In my second article for Speculative Physics, The Opposition Rests I discussed oppositional mechanics, and put forward the idea of a RPG called Coming of Age. As first of a series of articles, I'm going to look back on that idea and show its evolution as a RPG over the past few years.
Inner Struggle
The basic premise of Coming of Age was to show the path of the player characters rising to their circumstances and overcoming their own flaws and inadequacies to to become something better. Whether they were potential heroes, small timers hoping to make it big, or cadets facing their first big challenge, the main obstacle was an internal one.
As such, the core mechanic was to roll one die representing a character's potential, called a title die, and some number of opposition dice, representing the failings which the character may some day overcome. If the title die won out, then the character achieved her or his goal, if not, then failure resulted. If there was a tie, then the opposition could be reduced. Outside antagonism was rare, and mainly consisted of throwing in one or more dice representing the external forces arrayed against the character.
After further consideration, it became clear that characters need a reason to do things. In essence, players need to buy into the external, as well as internal, opposition. Since Coming of Age was envisioned as being extremely variable in terms of setting and character type, it became simpler to spread the onus of interesting opposition further to the players.
Antagonize
The solution I decided, was to build a system of story points, which could be spent to buy or increase antagonist dice. Those dice gave the players (GM included) an opportunity to work together to determine what challenges their up and coming characters would face. Some were fixed (terrain, environments, and general fixtures), some dissipated when defeated (a locked door, a difficult test), while others would strengthen would return more powerful (the final villain) until finally defeated.
I had all these pieces together just in time for an ersatz playtest session. Things went wrong to begin with, as we acquired new people, the group concept for the characters extended to include everything from Harry Potter-style student wizards to townsfolk under siege by horrors from beyond. As the focus drifted, the antagonist dice were the only thing that kept any sort of unity.
Another problem became immediately apparent. Players needed to take turns, it was too easy to choose a simple action with no real failure consequences and just roll for matches. In fact that turned out to be the only timely way to reduce one's opposition dice. The pacing was simply too slow for a single session, and needed to be adjusted based on how long the game should last. This suggested some additions to the RPG.
Other problems also appeared. Growing antagonist dice simply felt wrong to some players. And the GM role in the game was, at best, ambiguous. The GM would be forced to come up with explanations for each character's internal failings, a monumental task, while at the same time the typical role of setting up antagonism worked fine without GM intervention. These suggested what needed to be removed.
Good Bye GM
The first cut was to remove the GM, and immediately following those pesky growing antagonist dice. In their place players could re-buy defeated antagonist dice at a higher value. And thus the recurring villain only returns because of an ovation.
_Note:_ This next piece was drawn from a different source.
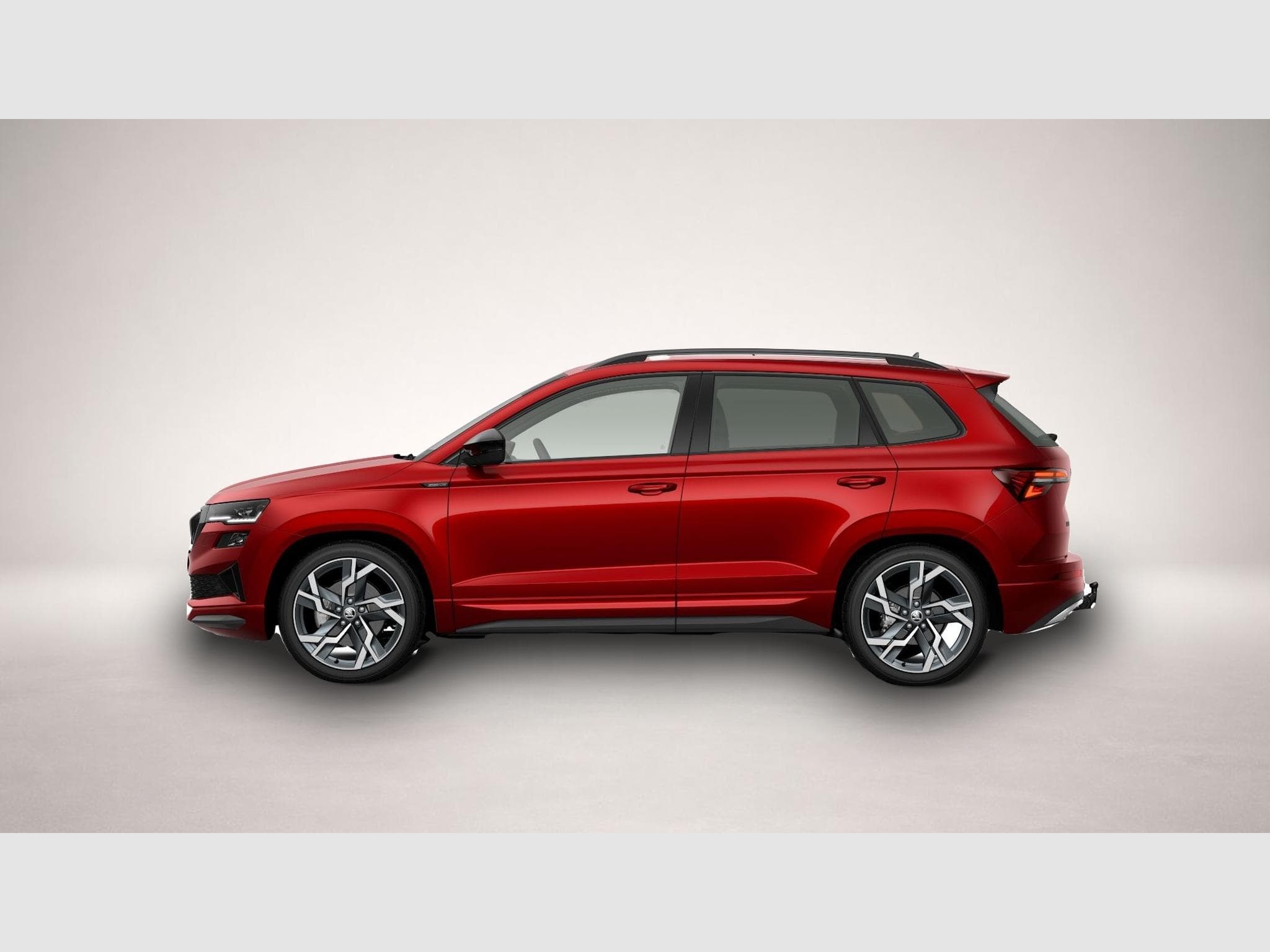 Skoda Karoq (2026) - Foto 2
The additions and general changes were as pervasive. The first was to make antagonist dice more important, instead of reducing opposition dice from matches, the reduction would happen when antagonist dice won the roll. Thus being defeated from the outside teaches you a lesson about your own failings. The title die dominating meant success and earning story points for later use, especially if an antagonist die was defeated. An opposition die dominating meant just an internal failure.
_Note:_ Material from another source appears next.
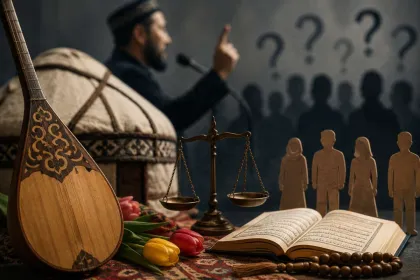 "Домбыра – харам, Наурызды тойлауға болмайды": Қоғамды дүрліктірген діни уағыздар және оған ҚМДБ не дейді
This promised to give a better reward dynamic to players, especially if they could only take one action at turn. Without a GM, play simply happened round robin, giving each player a chance to shine. As an added incentive, I added a second use to the story points. You could spend a story point to let another player re-attempt their action, letting both outcomes apply. This was to accentuate the synergy coming from the communal purchasing of antagonist dice.
With all these changes, I broached another playtest. This time, the characters were all unemployed actors working in a restaurant near Hollywood. Comments suggested two things: the dynamics were still too slow and failing due to internal opposition felt like a waste of an action.
Iterative Refinement
The solution to these problems was simple. First, making opposition dice reduce by two stages, from d12 to d8, from d8 to d4, and from d4 to 0, sped things up consistently. Second, I divorced the opposition dice from the rewards. If the title was equal or less than the antagonist an opposition die was pushed towards reduction. If the title die was larger than the antagonist dice, then a story point was gained, even if the action was a failure due to opposition dice.
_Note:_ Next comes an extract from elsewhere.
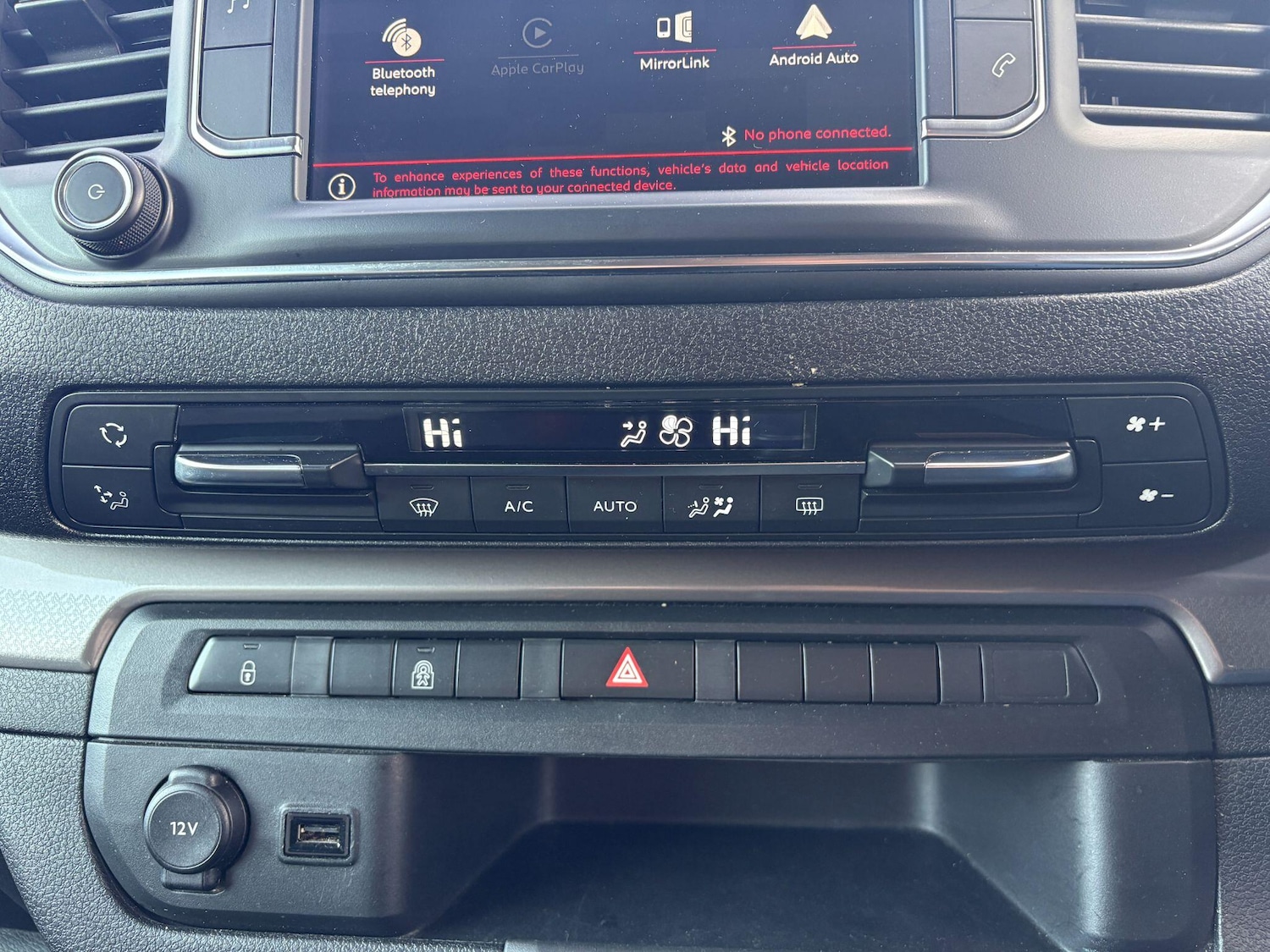 Used Citroen Space Tourer 2019 for sale - 76432653: Photo 31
Adding these refinements I recently (last night to be exact) did another playtest. This time the characters were galaxy space police cadets, tackling a space pirate attack while taking their final exams. The outcome of this playtest suggested no further changes. Which means its time to rely on external playtesting. For the curious, the current playtest version is here (pdf).
A whopping four pages, it is perhaps the shortest playtest draft I've seen in a long time. But perhaps that can serve as a reminder, that it is as important to remove what is unnecessary as it is to add what is needed.